The keys to survival in such an environment are hard work and lots of luck. Still describes both the opportunities and the disappointments produced by risky and undependable jobs in coal mining, logging, farming, saw-milling, and even well-cleaning. In “The Hay Sufferer,” a wiry little man descends to the depths of a well, where “the mud on the bottom reached to the caps of his knees,” and proceeds to scoop mud and clay from the surface into a bucket with his hands. He enjoys his work, as the bottom of a well is the only place where his allergies don’t bother him. “When the last of the mud had been removed,” Still writes, “the well cleaner hand-walked the rope to strip away the honeyvines, and he used a finger as a spindle upon which to wind the spiders’ webs.” Last, he sprinkles table salt on the bottom before declaring, “A wonder all that gom didn’t give you a disease.”

“Gom,” or mess, is an example of the vocabulary common among Still’s neighbors, and his stories are filled with what Olson calls Still’s “brilliant literary approximation of Appalachian speech.” Olson includes a link to a handy database containing definitions for hundreds of Appalachian words such as “rusty” (a prank), “witty” (a slow-witted person), and “sang” (ginseng root).

Despite the hardships, or perhaps because of them, Still’s characters make the most of happy times, with community gatherings for sorghum making, hog butchering, barn dances, and weddings. Humor is often enjoyed by one character at the expense of another, and colorful metaphors and similes are scattered liberally through the stories to comical effect. In “The Scrape,” characters climb ground “so steep you’d nearly skin your nose” and have heads “as hard as ball-peen hammers.” In “On Pigeon Roost Creek” the bewitching Ellafronia Saul is “tender as a snail’s horns” with teeth “white as ladybean seeds and even-set as corn grains on a nubbin.” In “School Butter,” a schoolhouse full of children listening entranced to the story of the Trojan Horse are “still as moss eating rocks,” and in “Plank Town” a child is “so spoiled salt wouldn’t save him.”

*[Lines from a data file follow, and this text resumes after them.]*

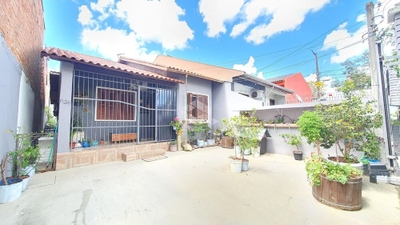 Casa, 3 quartos, 90 m² - Foto 1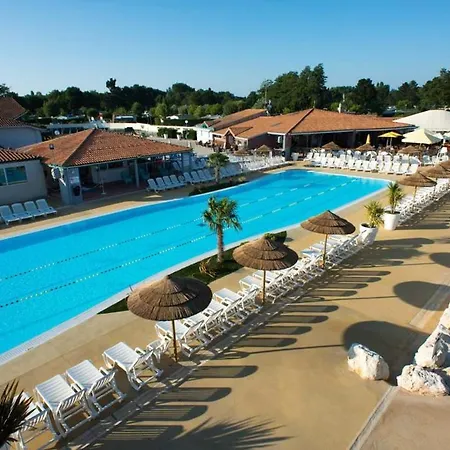 Bungalow With 3 Bedrooms In With Shared Pool Furnished Garden And Wifi 2 Km From The Beach Les Mathes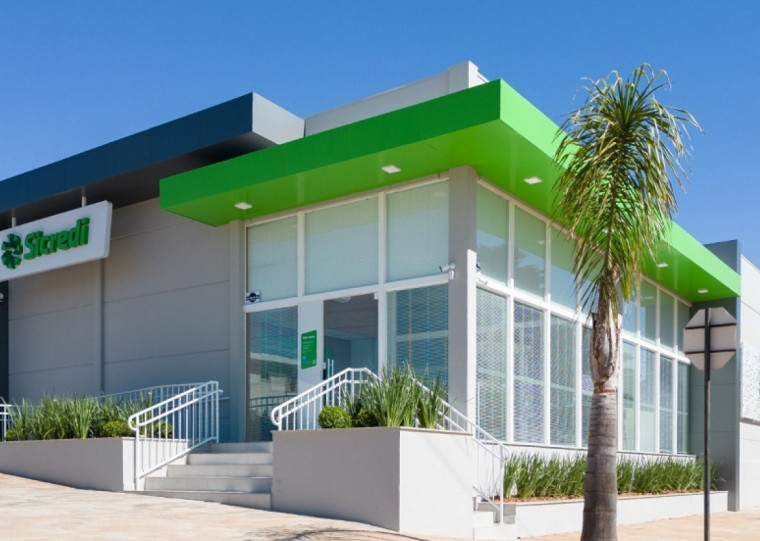 Para os associados PJ elegíveis à linha de crédito, haverá subsídio de 40% após a liberação do crédito sobre o valor principal da operação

As colorful as the characters is the Appalachian landscape itself. A good example is “The Ploughing,” in which the young narrator goes to the fields seeking his Uncle Jolly early on an April morning. Still writes, “The sky was as blue as a bottle. A rash of green covered the sheltered fence edges, though beech and leatherwood were browner and barer still for the sunlight washing their branches. I began to climb, hands on knees, the way being steep. I went up through a redbud thicket swollen with unopened bloom and leaf, coming at last to where Uncle Jolly was ploughing. The bench spread back to a swag, level as creek land, set up against air and sky and nothing.” Later, when Uncle Jolly decides to let his eager nephew try his hand, the experience takes on a mythical quality: “The earth parted; it fell back from the shovel plough; it boiled over the share. I walked the fresh furrow, and balls of dirt welled between my toes. There was a smell of old mosses, of bruised sassafras roots, of ground new-turned. . . . The share rustled like drifted leaves. It spoke up through the handles. I felt the earth flowing, steady as time.”

The best writers are able to arrange words on a page so skillfully that they somehow open a channel directly between the author’s voice and the reader’s heart. James Still was such a writer, and his deceptively simple portrayals of Appalachian life pulse with a powerful truth and an eloquent beauty. With The Hills Remember, his voice will continue to resonate as clear and as pure as a dipperful of cold mountain water on a hot day.